The required output is an exact copy of the lines from the one containing "TOMBOW ABT-603 —" through the end of the entries below, with pictures removed.

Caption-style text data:
· · · ·

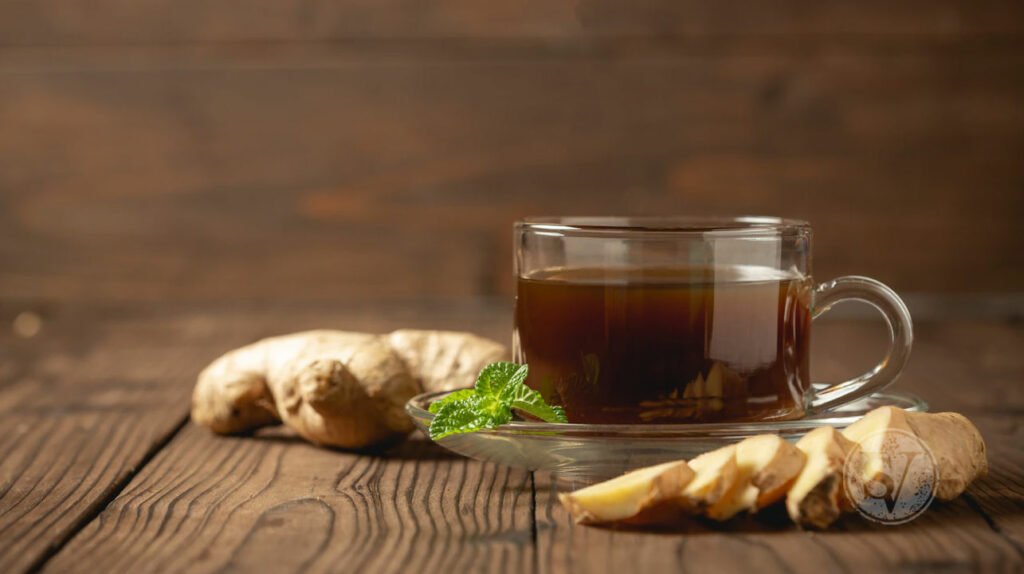 Ginger Tea cures Migraine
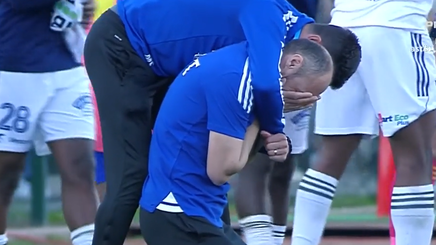 VIDEO | Bogdan Andone, în lacrimi, după victoria ce o scoate pe Botoşani din colaps
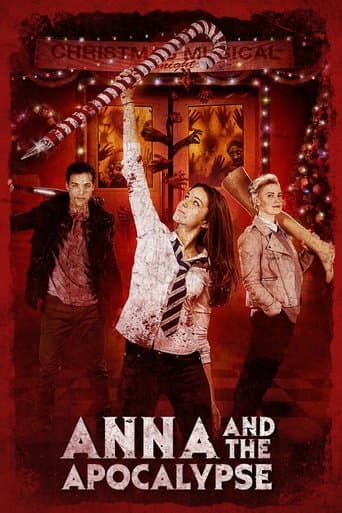 Movie poster for Anna and the Apocalypse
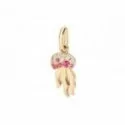 Charm DODO DMC0022JELLYBSPOG Oro 18kt 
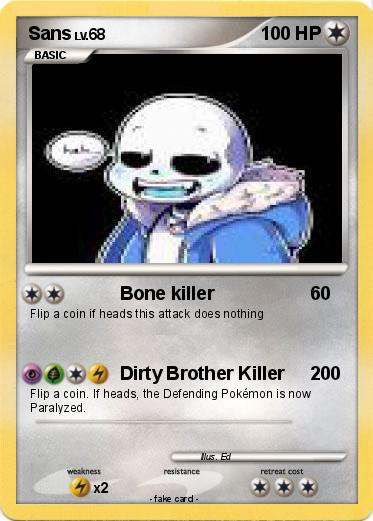 Pokemon Sans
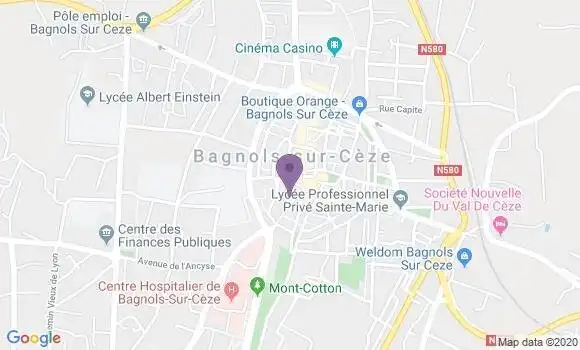 Localisation Sudres Michel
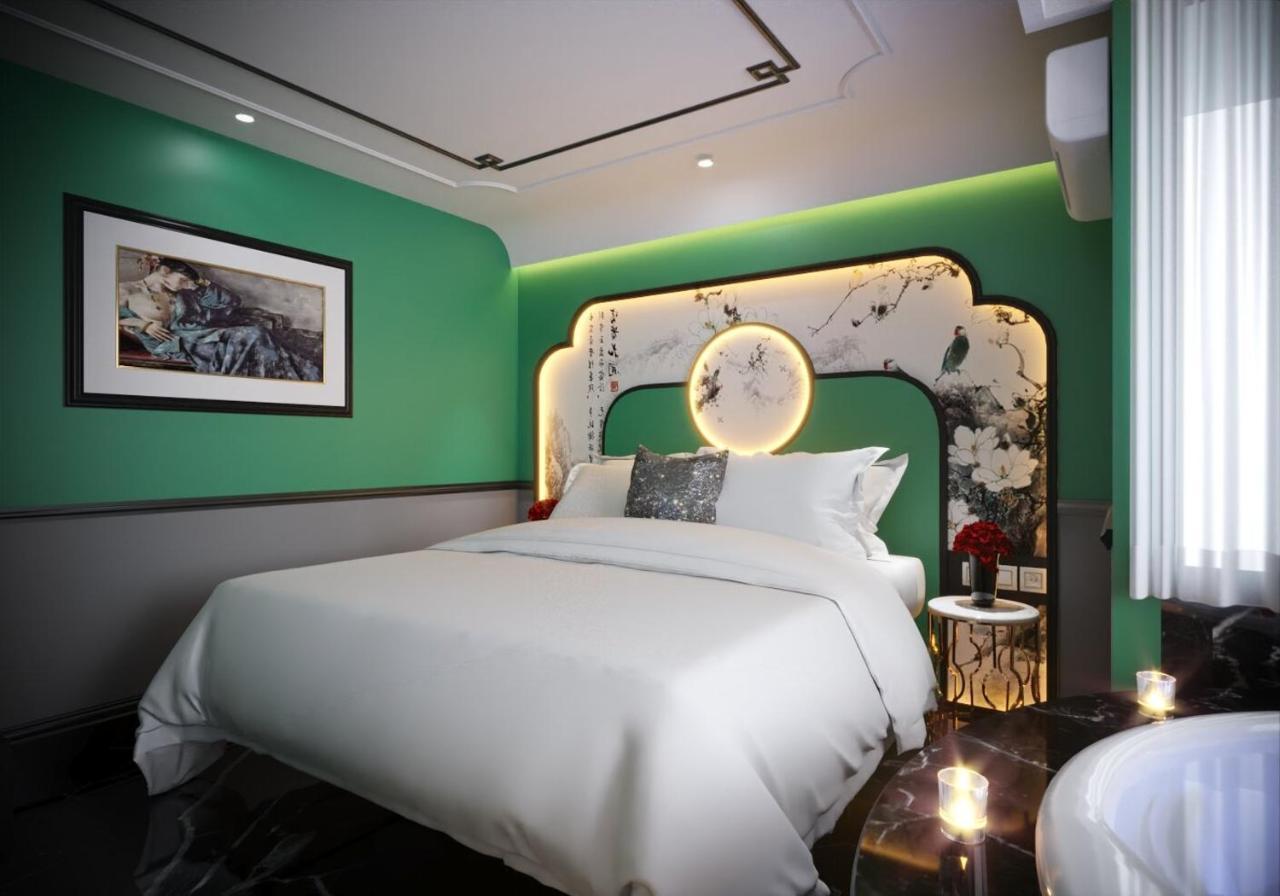 Elisa Boutique Saigon Hotel Ciudad Ho Chi Minh  Exterior foto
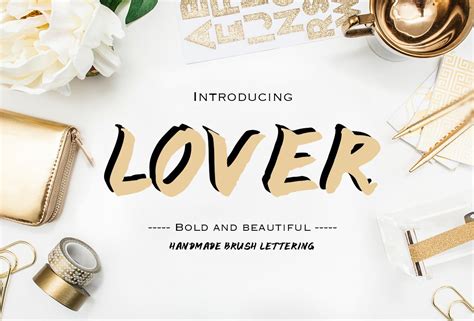 LOVER - Font | Handwriting Fonts ~ Creative Market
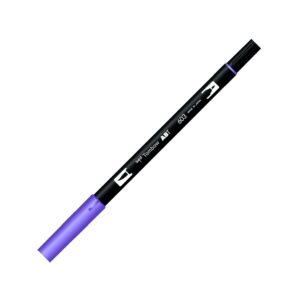 TOMBOW ABT-603 — Feutre pinceau à 2 pointes Pervenche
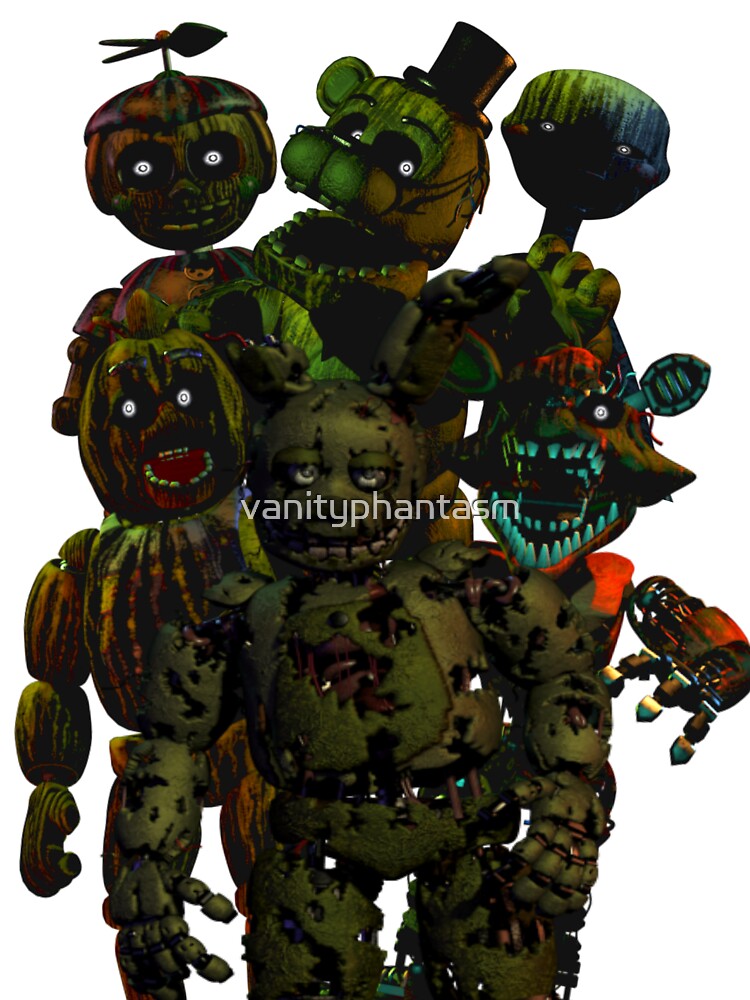 fnaf 3 - Google Search  Fnaf characters, Freddy horror, Fnaf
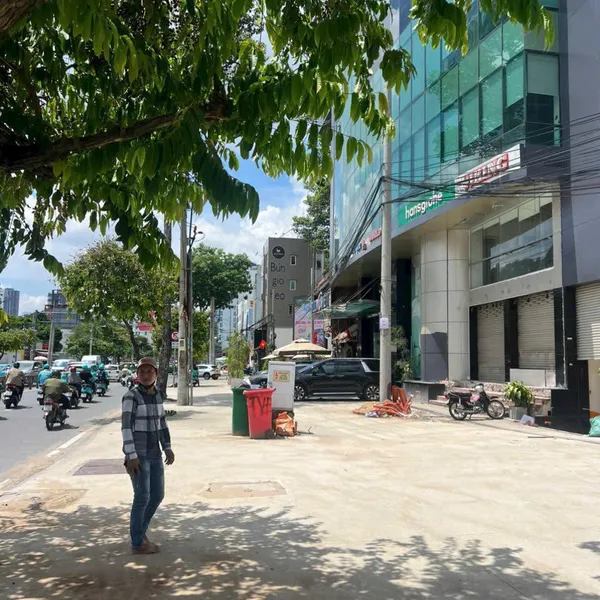 Bán nhà 123 CMT8,&nbsp;Phường Bến Thành, Quận 1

· · · ·

TASK RESPONSE:
 TOMBOW ABT-603 — Feutre pinceau à 2 pointes Pervenche
 fnaf 3 - Google Search  Fnaf characters, Freddy horror, Fnaf
 Bán nhà 123 CMT8,&nbsp;Phường Bến Thành, Quận 1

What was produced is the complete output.